___ RECORD EXCERPTS
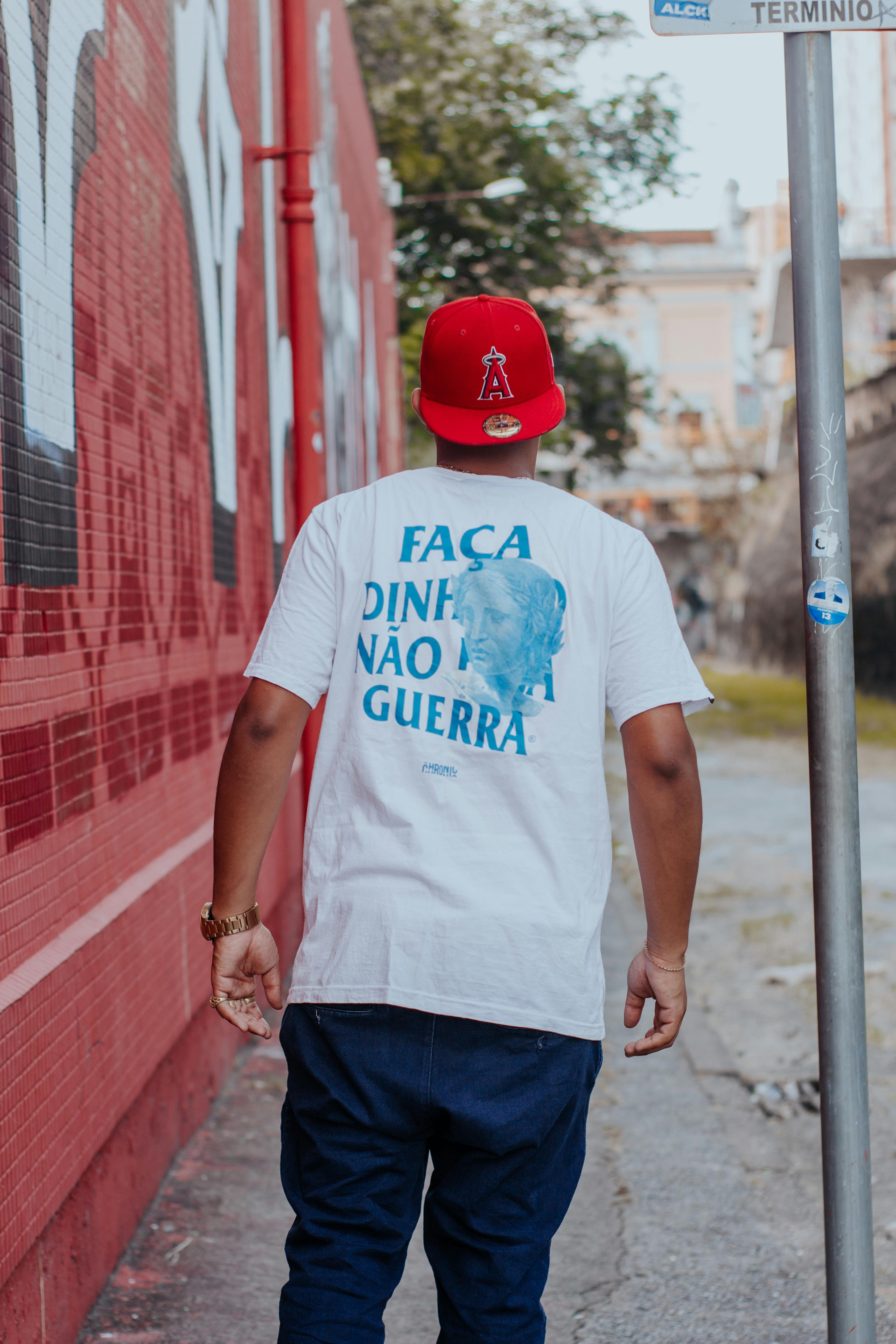 Back view of a man in white t-shirt and red cap walking in a city street.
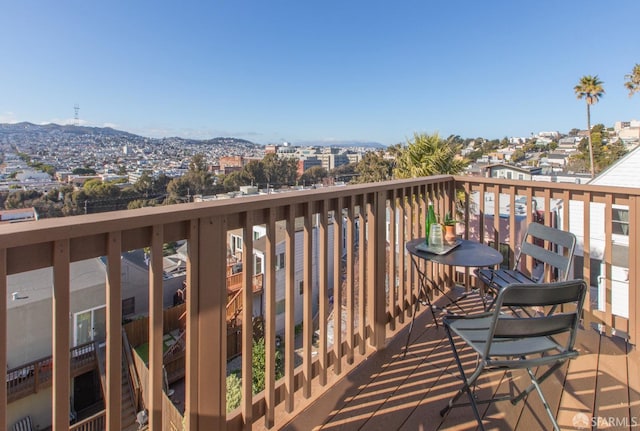 balcony featuring a mountain view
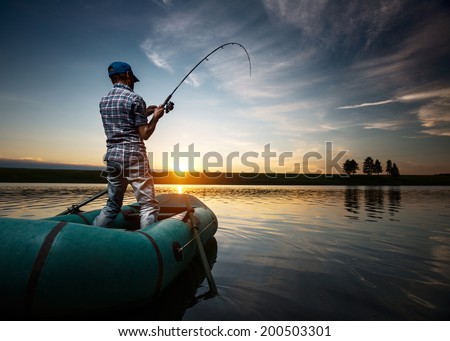 Mature man fishing from the boat on the pond at sunset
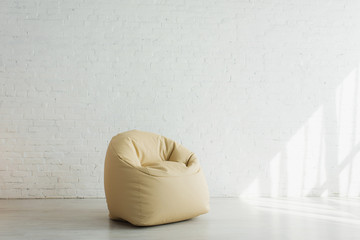sunlight near beige bean bag chair near brick wall in modern home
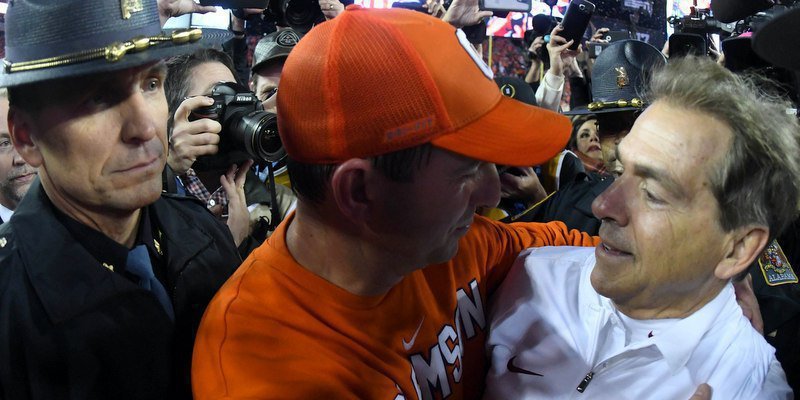 Swinney is congratulated by Saban after Clemson's 35-31 win in the title game (Photo by Kirby Lee, USAT)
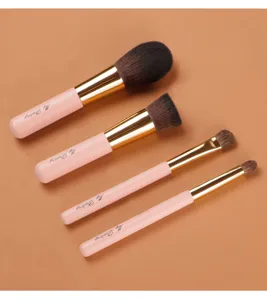 Detailed view of pink makeup brush set, featuring four soft bristle brushes for daily use.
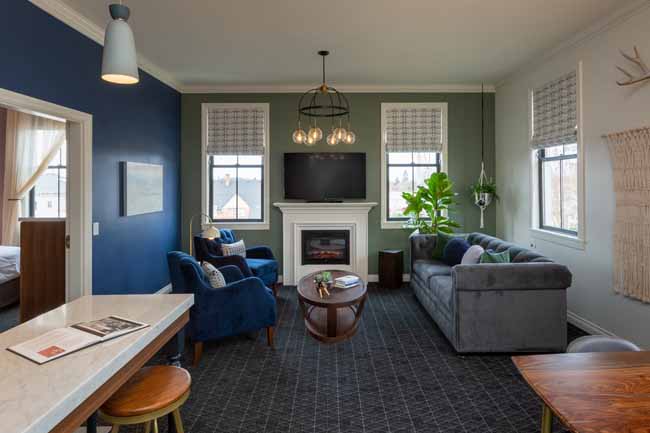 Atticus Hotel Balcony Suite Fireplace Cozy living room with a white fireplace mantel, mounted TV, and two windows letting in light; blue and sage walls with gray sofa and blue chairs.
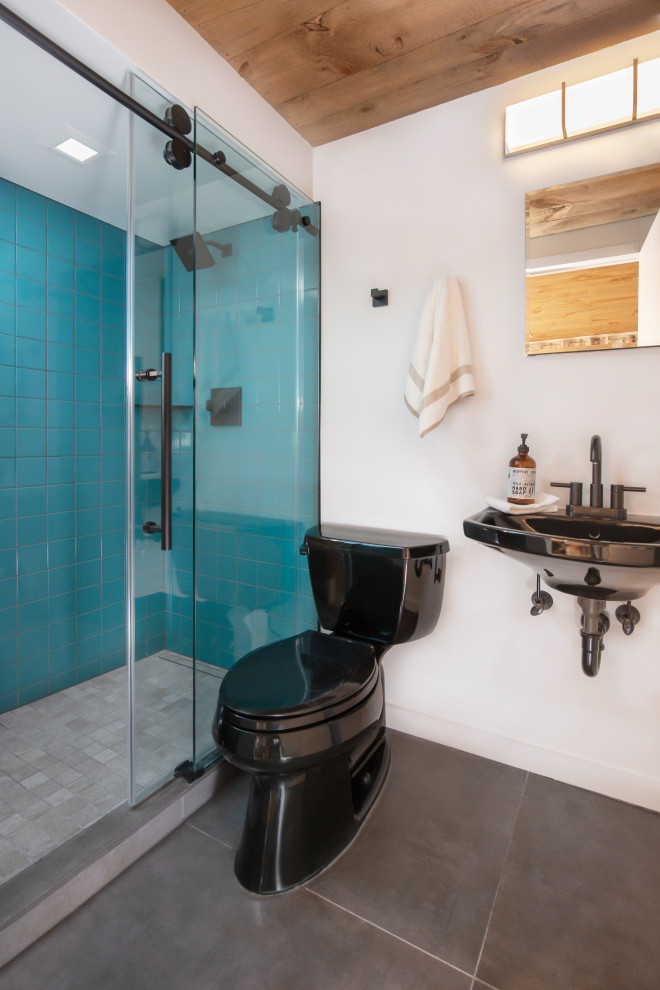Small contemporary bathroom in Boston with an alcove shower, a two-piece toilet, blue tile, porcelain tile, white walls, ceramic floors, a wall-mount sink, grey floor, a sliding shower screen, a single vanity and wood.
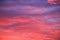 Beautiful red, pink feather clouds against the sky in sunrise in the morning. Picturesque magic background.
______
--- INSTRUCTIONS FOR THE TASK ---
Every entry should be repeated verbatim, with the pictures left out.

--- REPLY TO THE EXERCISE ---
 Back view of a man in white t-shirt and red cap walking in a city street.
 balcony featuring a mountain view
 Mature man fishing from the boat on the pond at sunset
sunlight near beige bean bag chair near brick wall in modern home
 Swinney is congratulated by Saban after Clemson's 35-31 win in the title game (Photo by Kirby Lee, USAT)
 Detailed view of pink makeup brush set, featuring four soft bristle brushes for daily use.
 Atticus Hotel Balcony Suite Fireplace Cozy living room with a white fireplace mantel, mounted TV, and two windows letting in light; blue and sage walls with gray sofa and blue chairs.
Small contemporary bathroom in Boston with an alcove shower, a two-piece toilet, blue tile, porcelain tile, white walls, ceramic floors, a wall-mount sink, grey floor, a sliding shower screen, a single vanity and wood.
 Beautiful red, pink feather clouds against the sky in sunrise in the morning. Picturesque magic background.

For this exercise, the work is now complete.